### Exercise description:
An exact copy is the goal: every line from the one containing "某民宅頂加突然起火。（圖／TVBS）" to the end of the material below, pictures excluded.

### Given entries:
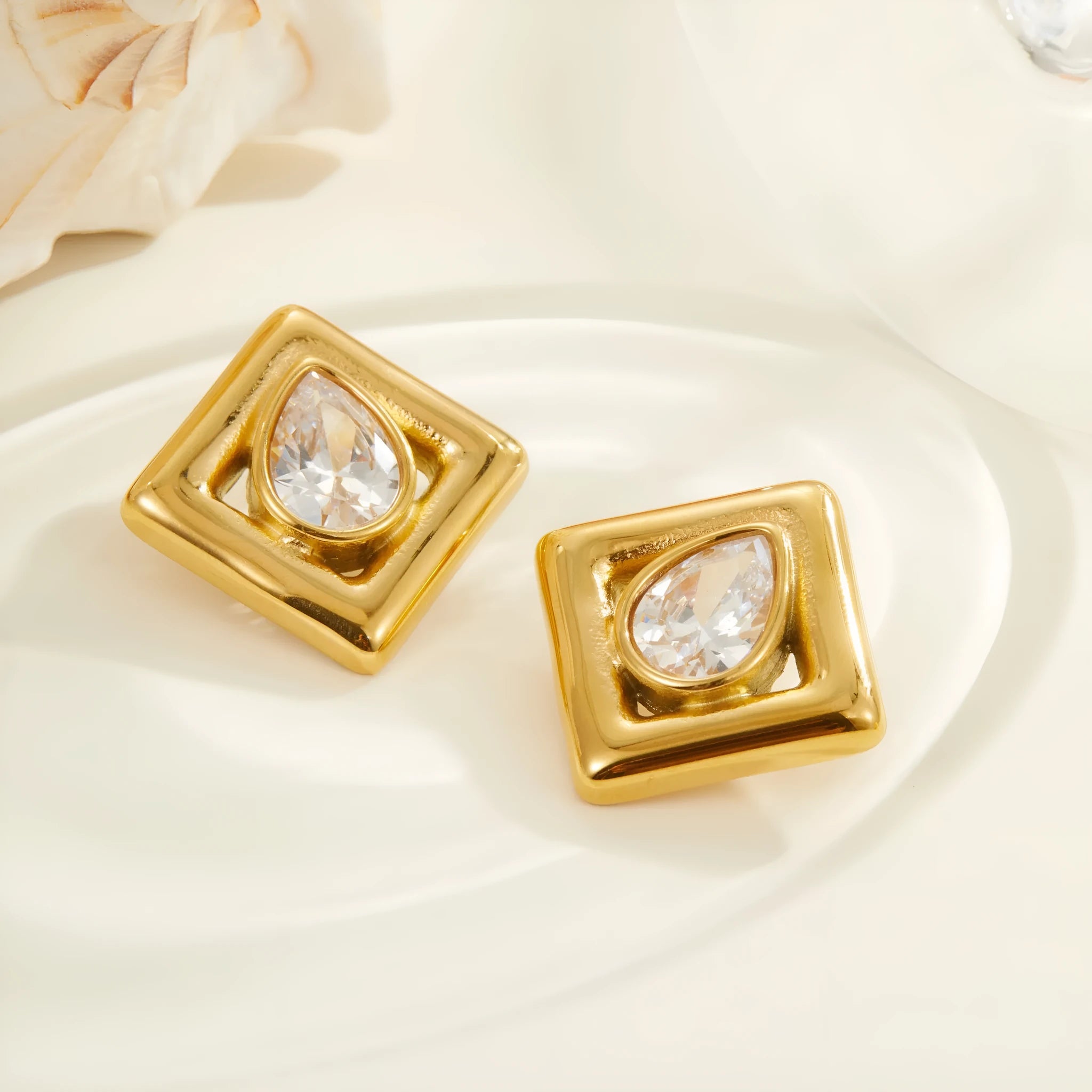 Gold geometric stud earrings with water drop zircon inlay on stainless steel with 18K plating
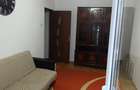 Persoana fizica închiriez apartament cu 3 camare  - 3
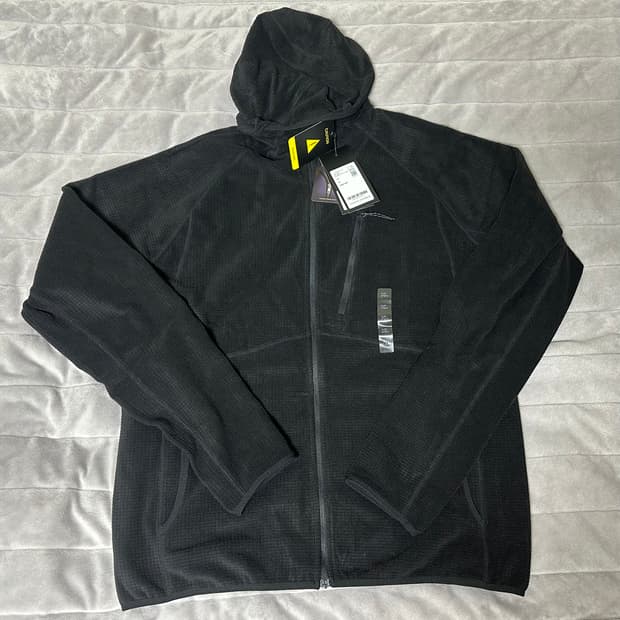 무신사스탠다드 시티레저 폴라폴리스 블랙 XL 새제품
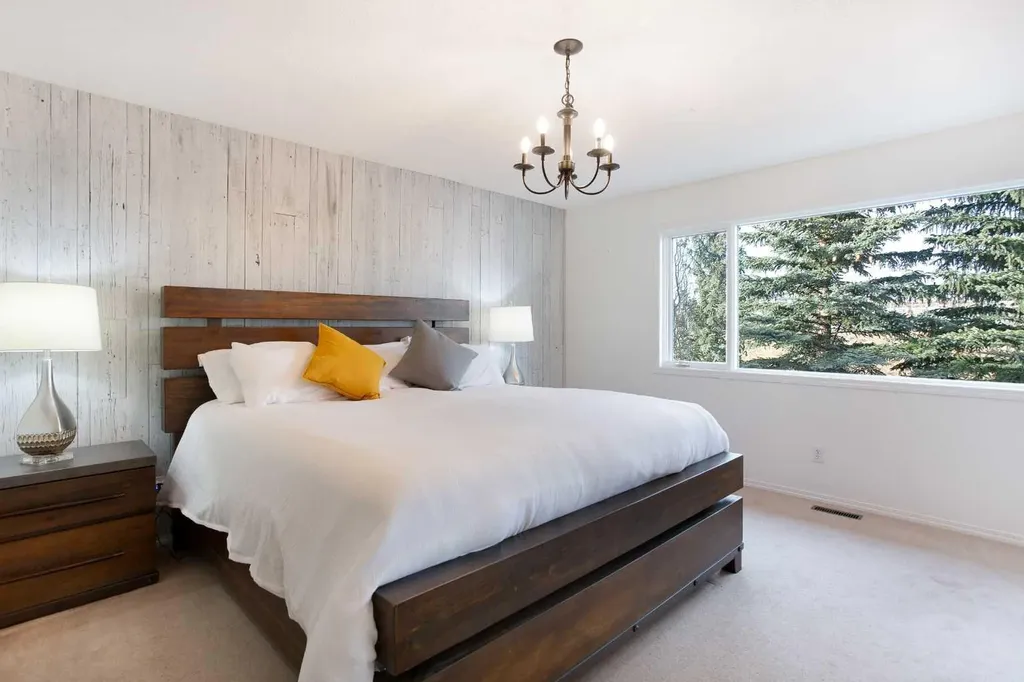 90 Discovery Ridge Road SW Calgary AB T3H 4R4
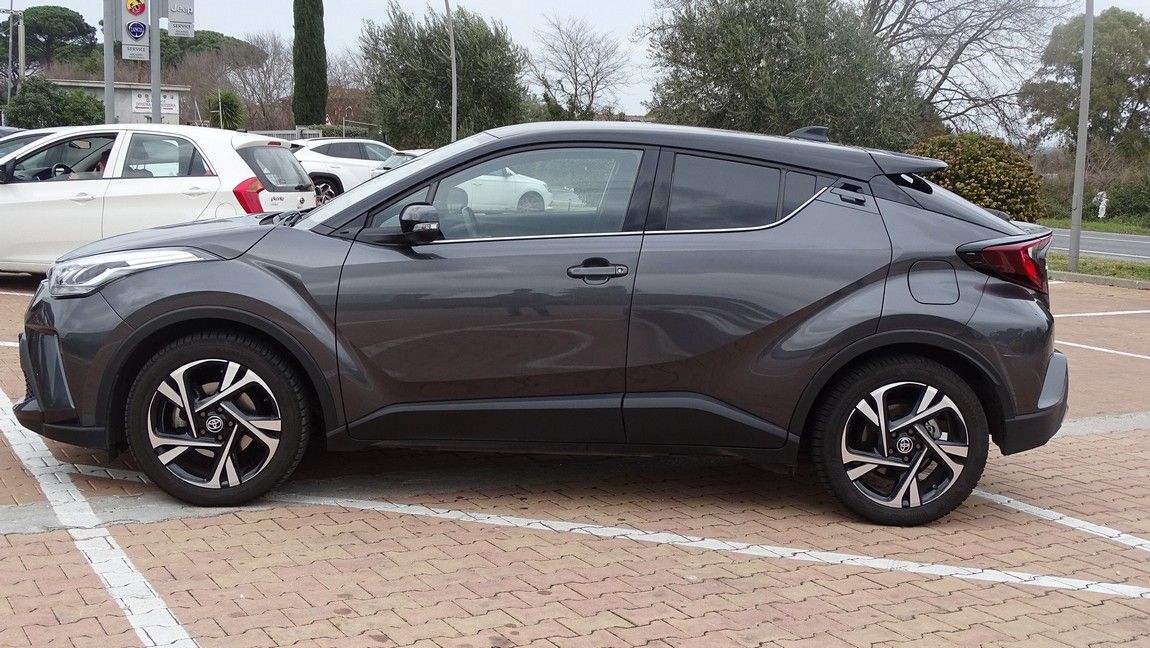 Toyota C-HR 2.0 Hybrid E-CVT Trend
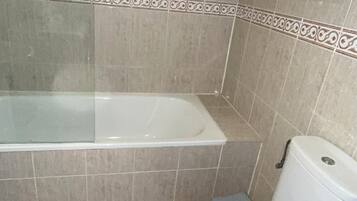 Secador de cabelo, toalhas de banho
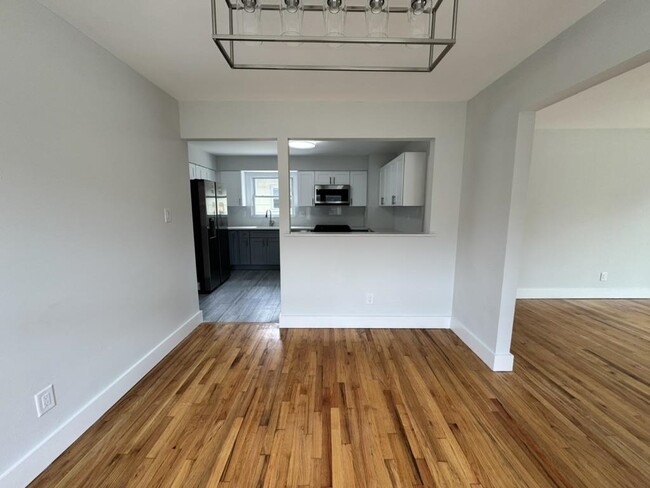 Building Photo - 253 Webster Ave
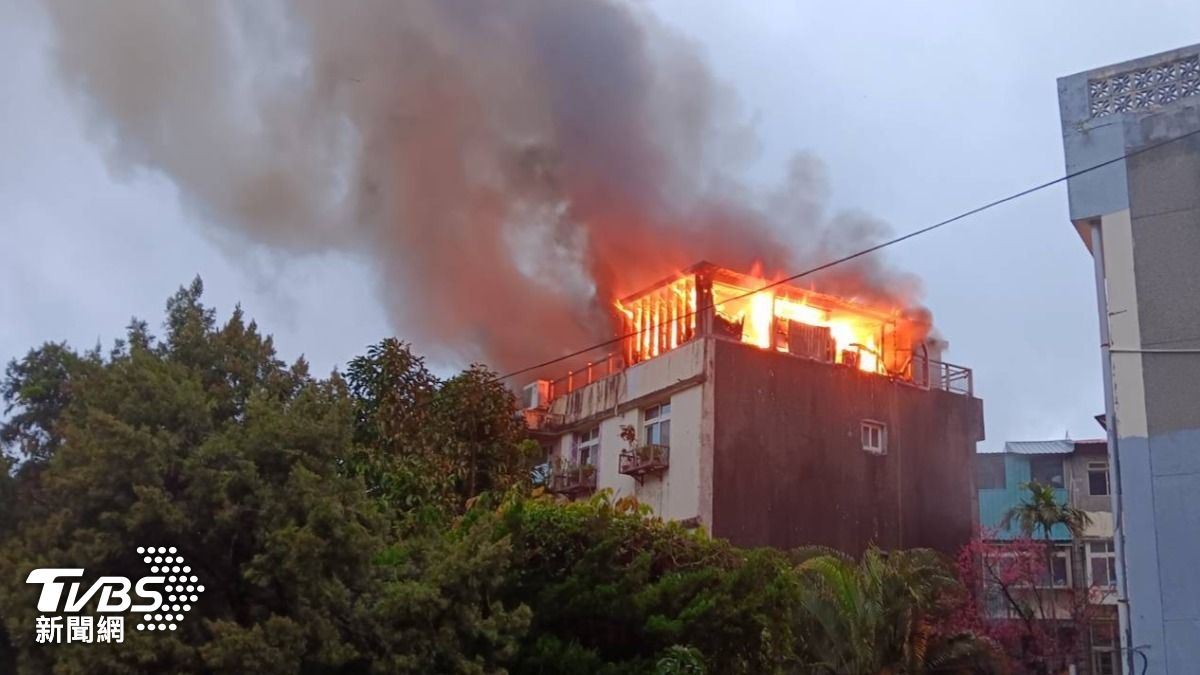 某民宅頂加突然起火。（圖／TVBS）
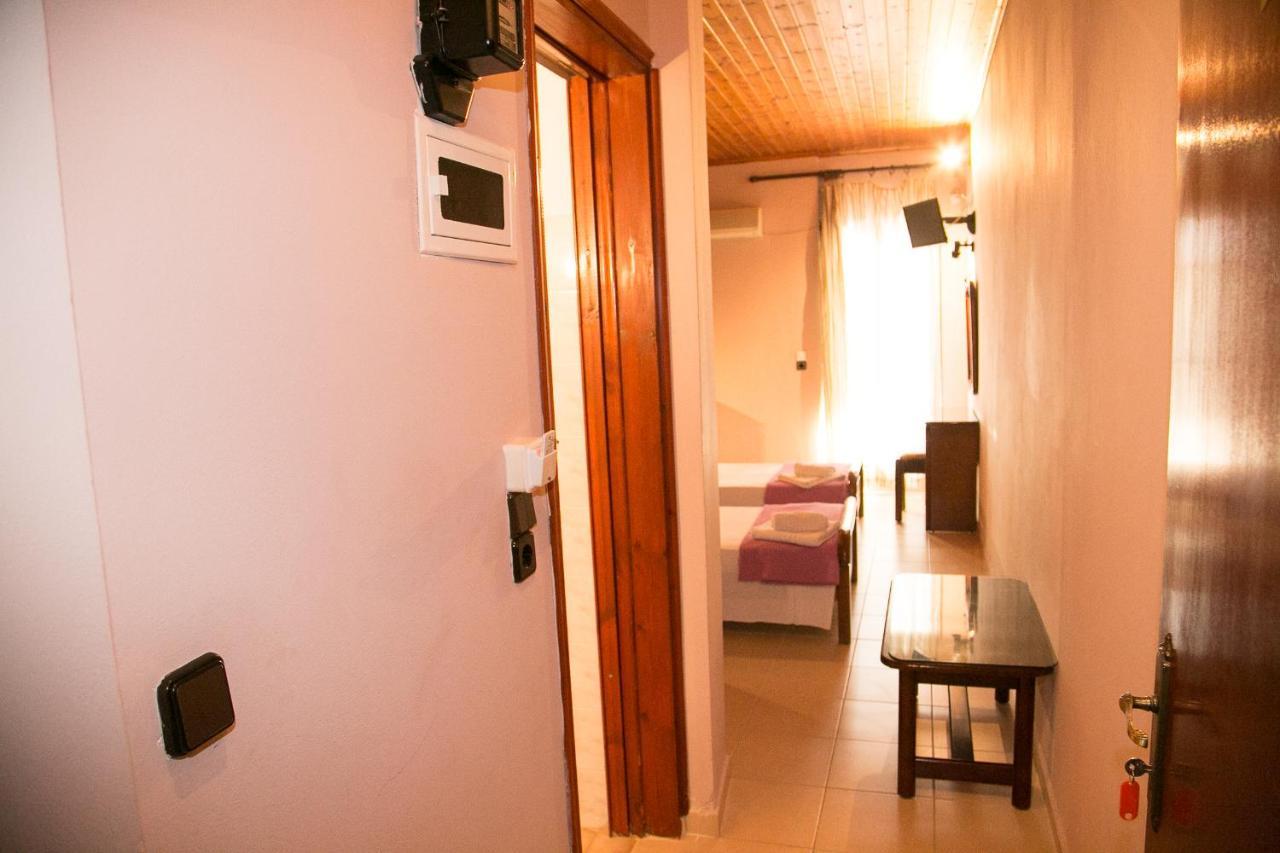 Aparthotel Petania & 3*
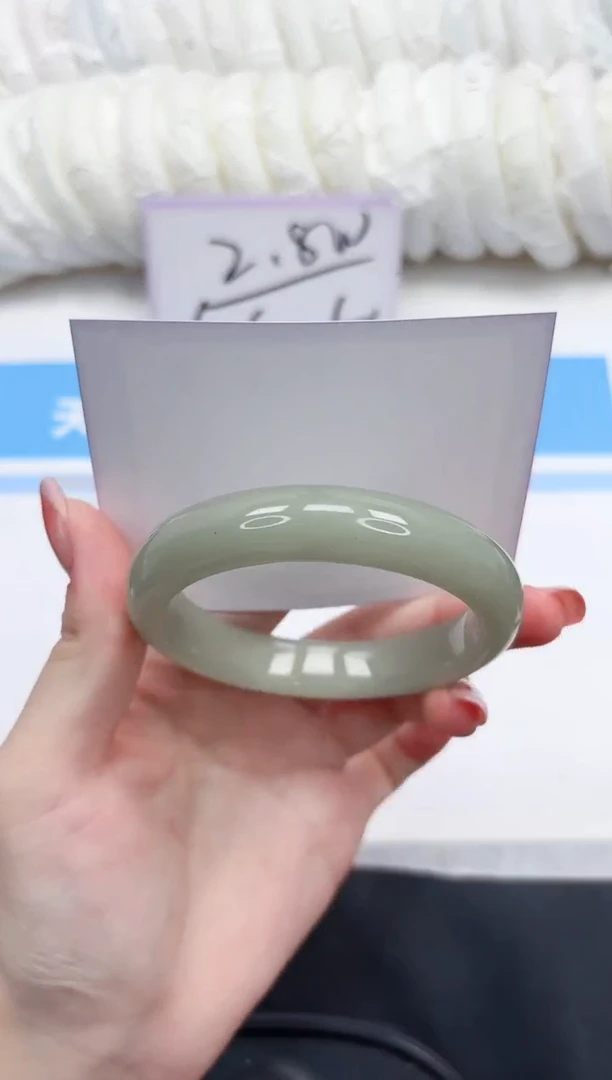未镶嵌手镯石英质玉206-60-仪式感
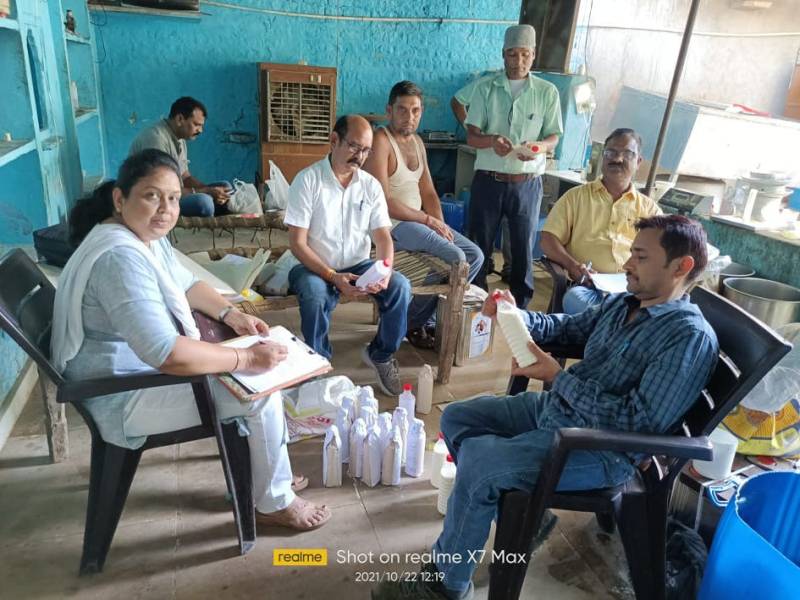 दूध डेयरी पर छापा, 600 लीटर मिक्स दूध, 10 लीटर केमिकल व अन्य जखीरा पकड़ा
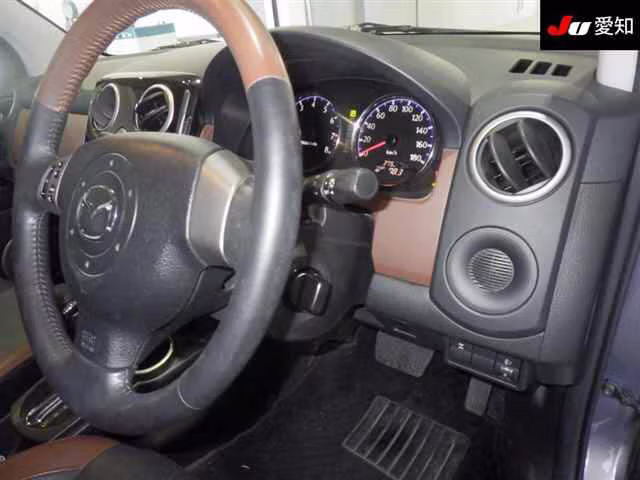 MAZDA VERISA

### Written solution:
 某民宅頂加突然起火。（圖／TVBS）
 Aparthotel Petania & 3*
未镶嵌手镯石英质玉206-60-仪式感
 दूध डेयरी पर छापा, 600 लीटर मिक्स दूध, 10 लीटर केमिकल व अन्य जखीरा पकड़ा
 MAZDA VERISA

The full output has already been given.